Unlike the MMSE, it also assesses executive functions (an alternation task adapted from the trail-making B task, a phonemic fluency task, a two-item verbal abstraction) and working memory (target detection using tapping, a serial subtraction task, digits forward and backward).[60]
A score of 26 or above generally is considered normal. Montreal Cognitive Test Opens in new window
A few other significant advantages of this test over the MMSE is that it is available and validated in dozens of languages and is not proprietary. The test takes ≤10 minutes to complete.
Abbreviated Mental Test Score (AMTS)
Consists of 10 questions and each correctly answered question scores one point. Systematic review and meta-analysis of two UK studies and one Italian study using the AMTS as a screening instrument for dementia in hospital inpatients older than 60 years of age showed that the AMTS has a sensitivity of 81% and a specificity of 84%, with a cut-off value of <7 in diagnosing dementia.[61] The test takes ≤10 minutes to complete.
Mini-Cog
A simple test that includes three-word recall and clock drawing. A recall score of 0, or a recall score of 1 to 2 plus abnormal clock drawing, are considered positive for cognitive impairment. The test takes ≤5 minutes to complete.
Addenbrooke's Cognitive Examination-Revised (ACE-R)
A brief battery that examines orientation, attention, memory, verbal fluency, language, and visuospatial ability. A total score is 100, with a cut-off score of 82 (sensitivity 84% and specificity 100% for dementia). The test takes ≤20 minutes to complete.
Other brief, multi-domain screening tests[48] [ Cognitive Impairment Screening with 6 Questions Opens in new window ]
10-point cognitive screener
Six-item cognitive impairment test (6CIT)
Six-item screener
Memory impairment screen (MIS)
Test Your Memory (TYM).
International HIV Dementia Scale (IHDS)
May be used to rapidly screen patients with suspected HIV dementia. The IHDS consists of three subtests: timed finger tapping, timed alternating hand sequence test, and recall of four items at 2 minutes. A score of ≤10 is an indication for further neuropsychological evaluation.[62]
One Cochrane review of the MMSE for the detection of dementia in community and primary care populations concluded that the MMSE contributes to a diagnosis of dementia, but should not be used in isolation to confirm or exclude disease.[63] Years of education predict higher false-negative rates for diagnosing dementia using the MMSE, whereas nursing home residency predicts higher false-positive diagnoses.[64]
One systematic review and meta-analysis of 149 studies of cognitive tests for detecting dementia found that the Mini-Cog and ACE-R tests were comparable to the MMSE for detecting dementia, while MoCA was comparable to the MMSE for detecting mild cognitive impairment.[65] However, one Cochrane review found that there is insufficient evidence to recommend the Mini-Cog as a screening tool for dementia in the primary care setting.[66]
California Verbal Learning Test (CVLT) or Hopkins Verbal Learning Test (HVLT)
The CVLT and HVLT assess verbal memory abilities. Briefly, the tester reads aloud a list of common words (9, 12, or 16), each of which belongs to one of three or four categories (e.g., fruit, clothing, tools). This is repeated three to five times. After the list is read by the examiner, each time the subject is asked to repeat back as many of the items as possible. After a short delay (~30 seconds), the subject is again asked to recall the word list (in more challenging versions, the tester might give a second list, and see if the subject is able to keep the items from each list separate, or if the two lists become confused). Finally, there is a long delay (10 or 20 minutes), during which the subject is given other tasks to perform, and then the subject is asked to recall the (first) word list spontaneously, then with cues and then a yes/no recognition task.
This test measures verbal episodic short-term memory, whether or not the subject is making use of category information (executive function), and if helped with retrieval (e.g., cues or recognition), which are frontal lobe tasks.
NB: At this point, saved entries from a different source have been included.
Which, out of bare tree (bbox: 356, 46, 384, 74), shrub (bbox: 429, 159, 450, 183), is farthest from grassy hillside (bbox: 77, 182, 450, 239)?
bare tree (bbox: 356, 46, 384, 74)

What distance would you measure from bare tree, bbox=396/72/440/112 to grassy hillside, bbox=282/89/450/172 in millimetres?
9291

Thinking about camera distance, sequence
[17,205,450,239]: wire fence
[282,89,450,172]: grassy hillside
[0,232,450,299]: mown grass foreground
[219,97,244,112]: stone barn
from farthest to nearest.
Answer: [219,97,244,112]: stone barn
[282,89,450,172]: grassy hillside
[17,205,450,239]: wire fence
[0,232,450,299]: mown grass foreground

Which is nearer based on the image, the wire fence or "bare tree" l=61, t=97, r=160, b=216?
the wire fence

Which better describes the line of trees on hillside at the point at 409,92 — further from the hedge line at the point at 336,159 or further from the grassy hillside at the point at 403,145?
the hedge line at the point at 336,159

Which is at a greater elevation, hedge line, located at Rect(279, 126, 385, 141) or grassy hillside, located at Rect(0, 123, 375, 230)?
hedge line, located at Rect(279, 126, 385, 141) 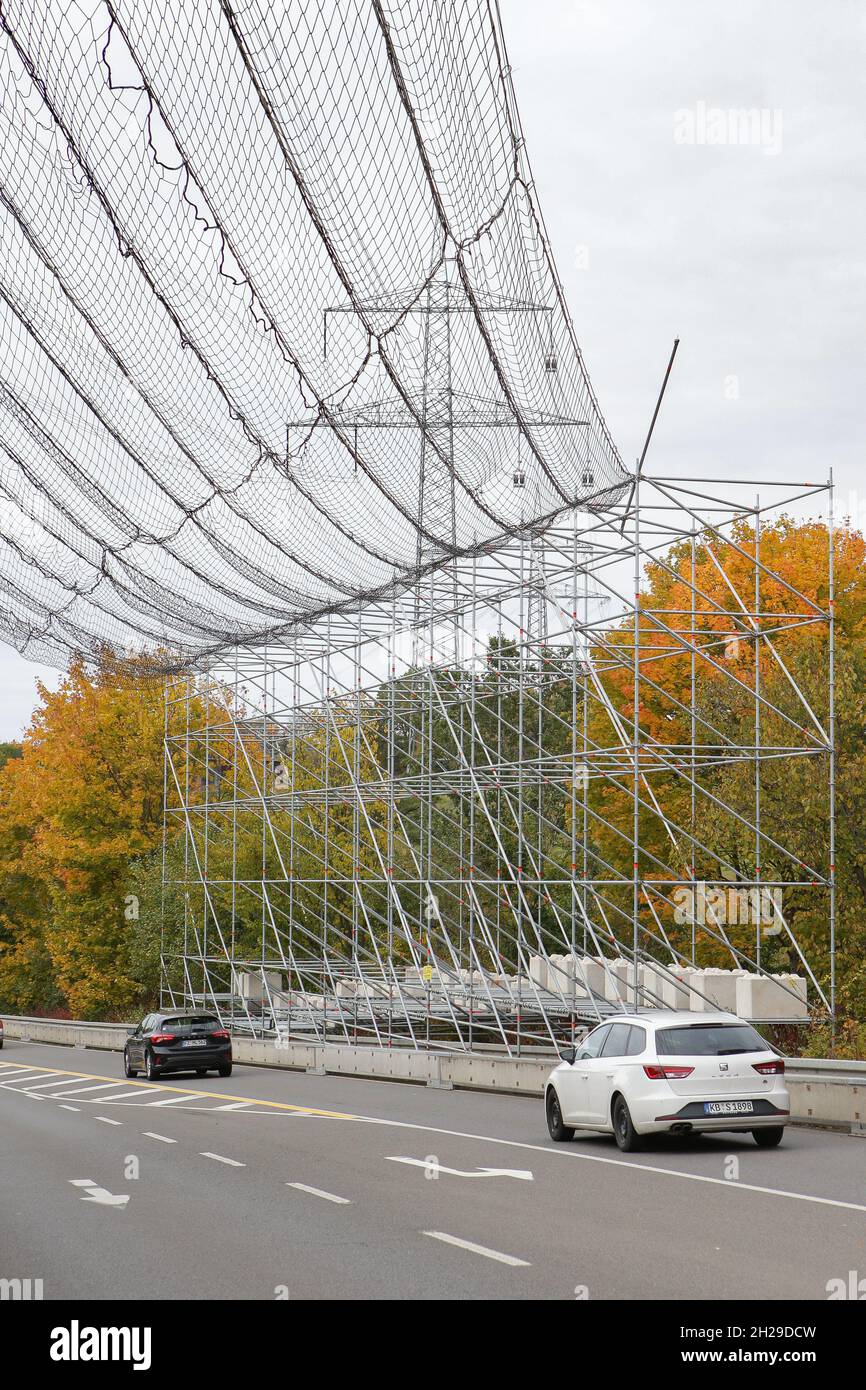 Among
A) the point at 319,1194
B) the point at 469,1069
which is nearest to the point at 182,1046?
the point at 469,1069

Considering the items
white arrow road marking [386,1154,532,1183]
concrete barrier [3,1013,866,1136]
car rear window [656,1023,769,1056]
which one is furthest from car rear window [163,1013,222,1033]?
car rear window [656,1023,769,1056]

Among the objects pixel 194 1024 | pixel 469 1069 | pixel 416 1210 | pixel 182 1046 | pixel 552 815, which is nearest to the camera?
pixel 416 1210

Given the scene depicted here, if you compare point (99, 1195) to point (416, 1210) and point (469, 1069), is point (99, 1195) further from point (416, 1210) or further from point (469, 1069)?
point (469, 1069)

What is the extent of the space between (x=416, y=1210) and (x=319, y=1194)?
1.40 meters

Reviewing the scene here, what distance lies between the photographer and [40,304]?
61.5 feet

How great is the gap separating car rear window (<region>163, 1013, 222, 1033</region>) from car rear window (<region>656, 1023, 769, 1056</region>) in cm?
1762

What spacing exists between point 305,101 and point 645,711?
84.1 ft

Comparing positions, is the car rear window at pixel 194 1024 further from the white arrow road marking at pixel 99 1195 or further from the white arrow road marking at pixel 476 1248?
the white arrow road marking at pixel 476 1248

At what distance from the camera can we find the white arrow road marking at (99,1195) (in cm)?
1309

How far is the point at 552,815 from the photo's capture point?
168ft

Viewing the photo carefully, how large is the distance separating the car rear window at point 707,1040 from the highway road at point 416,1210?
0.98 metres

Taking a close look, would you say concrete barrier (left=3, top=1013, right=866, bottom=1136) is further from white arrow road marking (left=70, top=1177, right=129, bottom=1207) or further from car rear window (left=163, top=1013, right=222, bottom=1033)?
white arrow road marking (left=70, top=1177, right=129, bottom=1207) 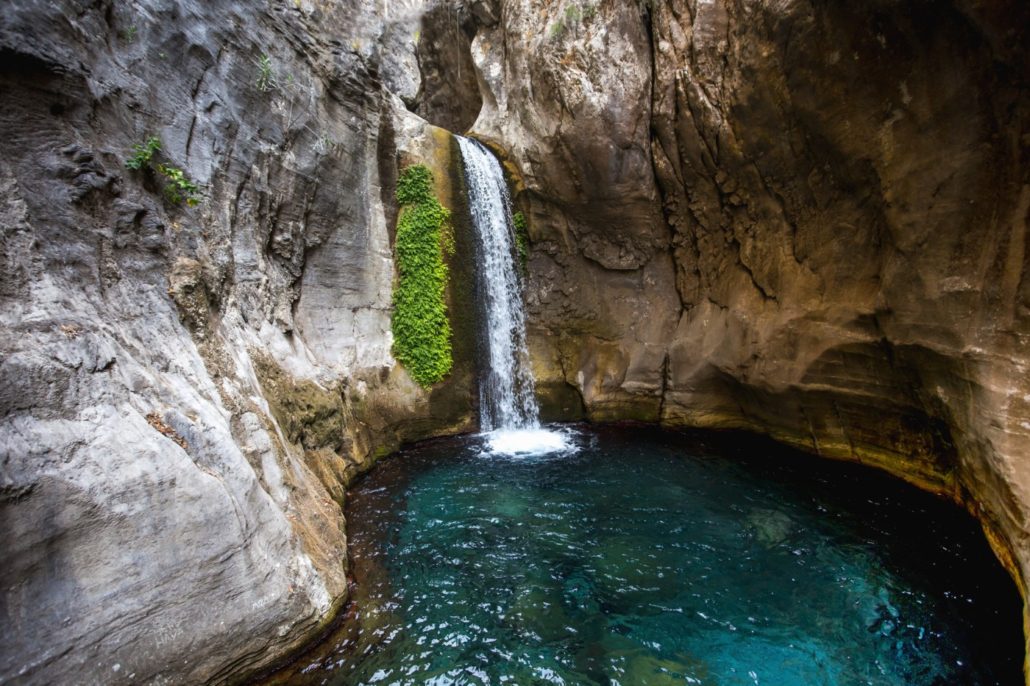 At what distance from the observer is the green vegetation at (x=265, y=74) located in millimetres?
7027

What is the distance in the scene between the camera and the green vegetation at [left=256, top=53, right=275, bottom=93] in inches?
277

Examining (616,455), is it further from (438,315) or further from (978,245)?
(978,245)

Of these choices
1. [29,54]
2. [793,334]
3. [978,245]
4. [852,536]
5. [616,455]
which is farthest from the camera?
[616,455]

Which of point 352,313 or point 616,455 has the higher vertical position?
point 352,313

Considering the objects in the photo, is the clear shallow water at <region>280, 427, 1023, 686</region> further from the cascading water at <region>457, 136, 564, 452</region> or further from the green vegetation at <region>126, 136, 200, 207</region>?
the green vegetation at <region>126, 136, 200, 207</region>

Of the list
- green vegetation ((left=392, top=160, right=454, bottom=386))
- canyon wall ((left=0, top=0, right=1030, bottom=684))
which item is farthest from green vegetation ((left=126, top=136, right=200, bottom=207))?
green vegetation ((left=392, top=160, right=454, bottom=386))

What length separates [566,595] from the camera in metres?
4.92

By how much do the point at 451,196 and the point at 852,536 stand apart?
9.11m

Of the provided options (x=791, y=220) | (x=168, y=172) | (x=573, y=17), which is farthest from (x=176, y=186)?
(x=791, y=220)

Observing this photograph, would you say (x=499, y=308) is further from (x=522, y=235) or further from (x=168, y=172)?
(x=168, y=172)

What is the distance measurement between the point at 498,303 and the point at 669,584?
6894 millimetres

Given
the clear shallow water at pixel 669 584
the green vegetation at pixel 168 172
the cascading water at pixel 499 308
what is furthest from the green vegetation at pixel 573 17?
the clear shallow water at pixel 669 584

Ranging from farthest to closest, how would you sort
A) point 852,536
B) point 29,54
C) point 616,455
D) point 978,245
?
point 616,455 < point 852,536 < point 978,245 < point 29,54

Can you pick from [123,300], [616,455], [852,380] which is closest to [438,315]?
[616,455] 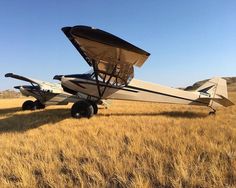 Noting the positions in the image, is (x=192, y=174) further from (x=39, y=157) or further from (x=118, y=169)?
(x=39, y=157)

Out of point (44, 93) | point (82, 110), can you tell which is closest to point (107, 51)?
point (82, 110)

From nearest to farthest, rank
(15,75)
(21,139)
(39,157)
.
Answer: (39,157)
(21,139)
(15,75)

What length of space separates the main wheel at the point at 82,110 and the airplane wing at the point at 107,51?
156 cm

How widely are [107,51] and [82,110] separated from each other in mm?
2651

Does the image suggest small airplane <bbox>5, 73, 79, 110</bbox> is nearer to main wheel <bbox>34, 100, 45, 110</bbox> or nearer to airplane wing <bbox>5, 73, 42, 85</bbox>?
airplane wing <bbox>5, 73, 42, 85</bbox>

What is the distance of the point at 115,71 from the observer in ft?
32.8

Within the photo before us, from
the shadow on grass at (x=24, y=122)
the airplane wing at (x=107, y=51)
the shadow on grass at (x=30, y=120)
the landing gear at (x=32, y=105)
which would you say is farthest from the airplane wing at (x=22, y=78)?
the airplane wing at (x=107, y=51)

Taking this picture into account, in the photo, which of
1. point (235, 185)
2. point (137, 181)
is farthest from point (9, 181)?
point (235, 185)

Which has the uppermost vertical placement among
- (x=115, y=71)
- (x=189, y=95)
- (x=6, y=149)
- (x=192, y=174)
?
(x=115, y=71)

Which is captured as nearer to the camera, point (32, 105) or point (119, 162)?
point (119, 162)

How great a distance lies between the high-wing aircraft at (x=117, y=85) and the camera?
28.6 feet

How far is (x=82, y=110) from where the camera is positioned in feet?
30.6

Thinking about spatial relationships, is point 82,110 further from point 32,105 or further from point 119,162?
point 32,105

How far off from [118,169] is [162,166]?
2.16 ft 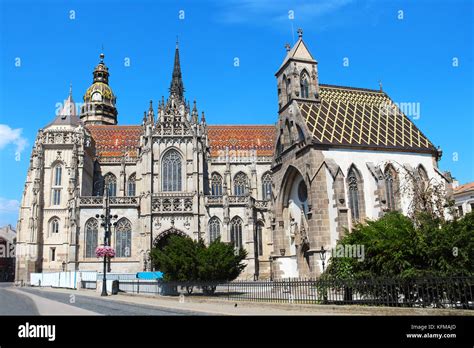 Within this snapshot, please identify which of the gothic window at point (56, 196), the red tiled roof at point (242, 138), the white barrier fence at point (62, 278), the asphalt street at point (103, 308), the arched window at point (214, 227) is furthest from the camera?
the red tiled roof at point (242, 138)

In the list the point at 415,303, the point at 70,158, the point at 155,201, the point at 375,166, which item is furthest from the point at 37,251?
the point at 415,303

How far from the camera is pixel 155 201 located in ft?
150

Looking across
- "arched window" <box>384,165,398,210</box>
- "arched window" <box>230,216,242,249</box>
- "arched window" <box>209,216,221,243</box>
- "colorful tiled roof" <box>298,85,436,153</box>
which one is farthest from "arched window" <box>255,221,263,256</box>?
"arched window" <box>384,165,398,210</box>

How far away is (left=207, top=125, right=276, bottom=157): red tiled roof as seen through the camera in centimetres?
5997

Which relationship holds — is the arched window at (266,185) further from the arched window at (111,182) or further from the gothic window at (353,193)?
the gothic window at (353,193)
Immediate free recall tests can be useful for predicting progression of patients with memory complaints to Alzheimer disease over the next few years, although some types of memory tests have better predictive value than others.[67]
Modified or mini-Boston Naming Test (BNT)
The BNT is a 60-item confrontation naming test (picture-naming vocabulary test) and measures the word retrieval performance. The 60 items consist of high-frequency and low-frequency words. The patients with dysnomia often have greater difficulties with the naming of low-frequency objects.
Visuospatial testing (e.g., cube and clock drawing; both in MoCA)
Visuospatial memory can be tested by asking the subject to copy a cube (as in MoCA) or to reproduce a more complex line drawing such as the Rey-Osterreith figure or the simplified version, the Benson figure, first by copying and then several minutes later drawing it from memory.
Visual memory test (recall of a figure drawn earlier)
Another simple memory task for patients who are too impaired for the CVLT, HVLT, or complex figure memory is to hide three bills around the room. Several minutes later you ask what was hidden (verbal memory) and where (visual memory).
Tests of executive function include:
Verbal fluency (semantic and phonemic or lexical fluency) - number of words beginning with certain letter(s) in one minute and number of animals or groceries in one minute.
Design fluency test (making a different design by connecting dots with straight lines).
Trail making test part B (drawing lines alternating between numbers and letters in ascending order).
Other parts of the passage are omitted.